# Exercise objective
Starting at the top of the records, output every line through the one that contains "Предварительный просмотр 5", keeping each exactly as it appears.

# The input
---

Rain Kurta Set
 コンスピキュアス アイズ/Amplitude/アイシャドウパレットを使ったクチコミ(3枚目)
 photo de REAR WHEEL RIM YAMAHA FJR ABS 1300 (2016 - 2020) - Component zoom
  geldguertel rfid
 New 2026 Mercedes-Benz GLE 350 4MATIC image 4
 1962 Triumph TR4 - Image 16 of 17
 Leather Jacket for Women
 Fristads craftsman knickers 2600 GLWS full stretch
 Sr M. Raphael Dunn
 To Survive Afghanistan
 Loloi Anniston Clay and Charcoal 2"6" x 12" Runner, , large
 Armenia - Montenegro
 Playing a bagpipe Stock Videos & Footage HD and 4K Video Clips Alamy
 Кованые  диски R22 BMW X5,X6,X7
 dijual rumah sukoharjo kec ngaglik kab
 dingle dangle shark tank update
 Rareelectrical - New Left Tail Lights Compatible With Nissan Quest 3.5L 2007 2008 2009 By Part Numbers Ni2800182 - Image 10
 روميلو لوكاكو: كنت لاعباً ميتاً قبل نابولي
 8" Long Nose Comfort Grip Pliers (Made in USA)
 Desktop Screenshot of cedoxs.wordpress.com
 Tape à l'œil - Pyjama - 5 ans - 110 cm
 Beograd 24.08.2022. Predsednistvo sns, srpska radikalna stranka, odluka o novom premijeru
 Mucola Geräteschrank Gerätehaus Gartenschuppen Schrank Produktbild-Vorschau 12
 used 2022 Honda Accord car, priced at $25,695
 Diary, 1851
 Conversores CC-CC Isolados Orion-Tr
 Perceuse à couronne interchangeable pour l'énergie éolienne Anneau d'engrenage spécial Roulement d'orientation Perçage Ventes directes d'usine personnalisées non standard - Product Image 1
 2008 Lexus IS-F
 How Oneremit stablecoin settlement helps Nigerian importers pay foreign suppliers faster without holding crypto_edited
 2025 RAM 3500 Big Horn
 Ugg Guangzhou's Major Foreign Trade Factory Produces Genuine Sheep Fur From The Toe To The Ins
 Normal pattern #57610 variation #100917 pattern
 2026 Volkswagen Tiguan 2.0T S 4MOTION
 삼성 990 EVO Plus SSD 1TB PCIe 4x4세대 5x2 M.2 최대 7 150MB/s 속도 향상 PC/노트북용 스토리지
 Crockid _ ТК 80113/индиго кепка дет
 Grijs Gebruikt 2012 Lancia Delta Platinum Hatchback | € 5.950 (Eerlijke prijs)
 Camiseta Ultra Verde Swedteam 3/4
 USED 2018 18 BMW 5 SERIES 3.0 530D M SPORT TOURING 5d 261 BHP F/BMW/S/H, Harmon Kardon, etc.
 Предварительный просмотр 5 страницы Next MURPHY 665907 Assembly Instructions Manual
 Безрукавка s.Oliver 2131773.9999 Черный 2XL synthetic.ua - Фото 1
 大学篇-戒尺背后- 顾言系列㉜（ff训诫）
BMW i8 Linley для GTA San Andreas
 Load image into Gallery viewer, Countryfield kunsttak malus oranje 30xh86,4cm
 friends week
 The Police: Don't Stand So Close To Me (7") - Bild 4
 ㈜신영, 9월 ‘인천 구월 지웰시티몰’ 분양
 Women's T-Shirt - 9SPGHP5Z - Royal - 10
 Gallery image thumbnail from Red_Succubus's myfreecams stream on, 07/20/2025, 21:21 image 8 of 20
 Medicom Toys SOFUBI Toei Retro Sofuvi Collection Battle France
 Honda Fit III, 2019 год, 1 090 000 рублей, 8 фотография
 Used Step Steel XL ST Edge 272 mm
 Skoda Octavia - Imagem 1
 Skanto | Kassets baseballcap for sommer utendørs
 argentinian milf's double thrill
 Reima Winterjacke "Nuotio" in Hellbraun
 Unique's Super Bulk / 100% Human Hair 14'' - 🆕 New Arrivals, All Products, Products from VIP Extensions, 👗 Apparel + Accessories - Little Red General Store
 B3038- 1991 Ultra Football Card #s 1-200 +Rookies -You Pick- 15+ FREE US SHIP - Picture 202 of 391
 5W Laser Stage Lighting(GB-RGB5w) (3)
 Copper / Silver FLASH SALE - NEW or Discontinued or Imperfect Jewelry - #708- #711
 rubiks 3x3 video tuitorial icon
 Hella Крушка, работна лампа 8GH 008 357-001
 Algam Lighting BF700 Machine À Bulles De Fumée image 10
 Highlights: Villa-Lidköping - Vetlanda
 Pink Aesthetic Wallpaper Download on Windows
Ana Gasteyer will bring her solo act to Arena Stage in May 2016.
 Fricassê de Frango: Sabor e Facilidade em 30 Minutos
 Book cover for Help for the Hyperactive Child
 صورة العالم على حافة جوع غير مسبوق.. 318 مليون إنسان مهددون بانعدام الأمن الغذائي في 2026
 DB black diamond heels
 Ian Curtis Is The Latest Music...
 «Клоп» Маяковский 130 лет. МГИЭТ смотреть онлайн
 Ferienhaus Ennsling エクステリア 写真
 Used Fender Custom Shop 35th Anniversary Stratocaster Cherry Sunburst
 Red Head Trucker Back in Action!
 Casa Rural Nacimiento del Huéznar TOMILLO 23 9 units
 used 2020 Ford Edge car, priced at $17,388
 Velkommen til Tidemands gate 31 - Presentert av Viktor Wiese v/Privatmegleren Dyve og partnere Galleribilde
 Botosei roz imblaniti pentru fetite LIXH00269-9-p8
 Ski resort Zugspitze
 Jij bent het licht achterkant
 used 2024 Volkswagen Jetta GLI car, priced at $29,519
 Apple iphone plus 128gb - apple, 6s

---

# Response to the task
Rain Kurta Set
 コンスピキュアス アイズ/Amplitude/アイシャドウパレットを使ったクチコミ(3枚目)
 photo de REAR WHEEL RIM YAMAHA FJR ABS 1300 (2016 - 2020) - Component zoom
  geldguertel rfid
 New 2026 Mercedes-Benz GLE 350 4MATIC image 4
 1962 Triumph TR4 - Image 16 of 17
 Leather Jacket for Women
 Fristads craftsman knickers 2600 GLWS full stretch
 Sr M. Raphael Dunn
 To Survive Afghanistan
 Loloi Anniston Clay and Charcoal 2"6" x 12" Runner, , large
 Armenia - Montenegro
 Playing a bagpipe Stock Videos & Footage HD and 4K Video Clips Alamy
 Кованые  диски R22 BMW X5,X6,X7
 dijual rumah sukoharjo kec ngaglik kab
 dingle dangle shark tank update
 Rareelectrical - New Left Tail Lights Compatible With Nissan Quest 3.5L 2007 2008 2009 By Part Numbers Ni2800182 - Image 10
 روميلو لوكاكو: كنت لاعباً ميتاً قبل نابولي
 8" Long Nose Comfort Grip Pliers (Made in USA)
 Desktop Screenshot of cedoxs.wordpress.com
 Tape à l'œil - Pyjama - 5 ans - 110 cm
 Beograd 24.08.2022. Predsednistvo sns, srpska radikalna stranka, odluka o novom premijeru
 Mucola Geräteschrank Gerätehaus Gartenschuppen Schrank Produktbild-Vorschau 12
 used 2022 Honda Accord car, priced at $25,695
 Diary, 1851
 Conversores CC-CC Isolados Orion-Tr
 Perceuse à couronne interchangeable pour l'énergie éolienne Anneau d'engrenage spécial Roulement d'orientation Perçage Ventes directes d'usine personnalisées non standard - Product Image 1
 2008 Lexus IS-F
 How Oneremit stablecoin settlement helps Nigerian importers pay foreign suppliers faster without holding crypto_edited
 2025 RAM 3500 Big Horn
 Ugg Guangzhou's Major Foreign Trade Factory Produces Genuine Sheep Fur From The Toe To The Ins
 Normal pattern #57610 variation #100917 pattern
 2026 Volkswagen Tiguan 2.0T S 4MOTION
 삼성 990 EVO Plus SSD 1TB PCIe 4x4세대 5x2 M.2 최대 7 150MB/s 속도 향상 PC/노트북용 스토리지
 Crockid _ ТК 80113/индиго кепка дет
 Grijs Gebruikt 2012 Lancia Delta Platinum Hatchback | € 5.950 (Eerlijke prijs)
 Camiseta Ultra Verde Swedteam 3/4
 USED 2018 18 BMW 5 SERIES 3.0 530D M SPORT TOURING 5d 261 BHP F/BMW/S/H, Harmon Kardon, etc.
 Предварительный просмотр 5 страницы Next MURPHY 665907 Assembly Instructions Manual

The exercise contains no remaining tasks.